Verdict Steinberg is a much better writer, unless you want 20 data-heavy articles in 10 minutes.

The painting test

A laptop wants me to smile. “It’s in a good mood,” Simon Colton says. He knows because he’s the scientist who programmed it. We are in the Science Museum in London, where the Painting Fool, as it is called, is giving a public demonstration. It’s important that I don’t show my teeth, Colton says, because something about the light makes them look green to the Painting Fool.

From my toothless smile the laptop creates a “conception” of what it would like to paint, based on its mood. The mood comes from a “sentiment analysis” of recent Guardian articles, as it happens (on average reading the Guardian is a downer, apparently, apart from the stuff about gardening). Yesterday the Fool was in such a bad mood that it sent someone away unpainted; today it is feeling “positive”.

Next the Fool attempts to paint with a simulated brush and a simulated hand (actually, an image of Colton’s hand) on the screen behind me. It learned to reflect its mood from the work of Dan Ventura, another computer scientist, at Brigham Young University in Utah, who trained a neural network to recognise the emotional attributes of images by sitting thousands of people in front of tens of thousands of paintings and asking them to tag each one with whatever adjectives came to mind. The Fool now knows that bright colours reflect a good mood, and “pencils with tight hatching” create a picture that is “cold”. When it is done, it prints out a page with a typed self-critique. “Overall, this is quite a bright portrait,” it says. “That’s OK, but my style has lowered the level of bright here. So I’m a bit annoyed about that.”

Here along with us, intrigued but too busy at her easel to watch, is Sarah Jane Moon, an artist who exhibits with the Royal Society of Portrait Painters. She doesn’t want to see my teeth, either. “We paint from life,” she says, “and you can’t hold a smile for sitting upon sitting. That’s why all the traditional portraits show quite relaxed features.”

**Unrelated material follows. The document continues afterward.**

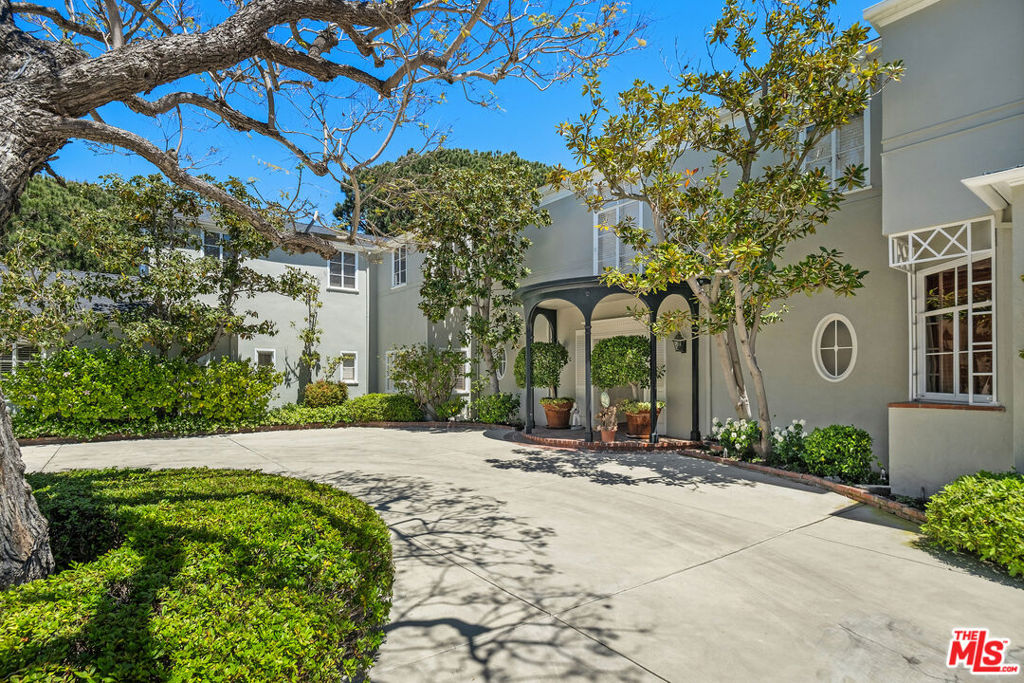 Iconic house and property in a prime lower Bel Air location. James Dolena timeless architecture with grand scale and volume, great rooms, a classic floor plan all with elegance and style and designed for entertaining. Sweeping city and ocean views draw you from the inviting entry out to the expansive back yard bringing the outside in from each of the downstairs entertaining rooms. Mahogany wood paneled library is both intimate and welcoming and in between the library and the large formal Living Room is a sun room with a wet bar all leads back to the large foyer. Large formal Dining Room including a separate junior dining room also incorporate stunning views of the yard and vistas over The Bel Air Country Club golf course out to Palos Verdes and Santa Monica. Down stairs office, kitchen with a large butlers pantry, large laundry room and staff quarters complete the lower level of this home. Large primary suite with an office, dual baths and dressing rooms is private and intimate. Upstairs den opens to a large balcony which overlooks the property and takes advantage of the views and the extraordinary trees. Two additional family bedroom suites plus a 3rd which has been converted to a work out space is the ideal size for either an upstairs office or a nursery. Separate guest house with a walk in closet and full bath as well as a kitchenette, wine cellar, cold storage room plus a 5 car garage. Very large swimmers pool, cabana and a north south lighted paddle tennis court take complete advantage of the golf course views and complete this magical and legendary property. Street to street lot, meandering paths, beautiful trees and privacy, the hallmark of a very special lifestyle. This truly is a great house... and with updating this will make the next homeowner as happy as it has made the current homeowner.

The Painting Fool is a special machine, and even slightly famous, but I can’t deny that Moon is almost all of why I’m excited to be here. The feeling of being painted by a real person, having them look at you and think about you, is exciting and flattering. Sentiment analysis and training data, on the other hand, don’t add up to anything whose view of me I care about, and the finished portraits do not change my mind. Moon’s is a lovely, real thing, which feels straight away like one person seen by another. The Fool’s three efforts have qualities I like, but mostly they look like photographs that have gone through some kind of software filter. Colton insists the Fool is here “to learn to be better” but I look and think: so what?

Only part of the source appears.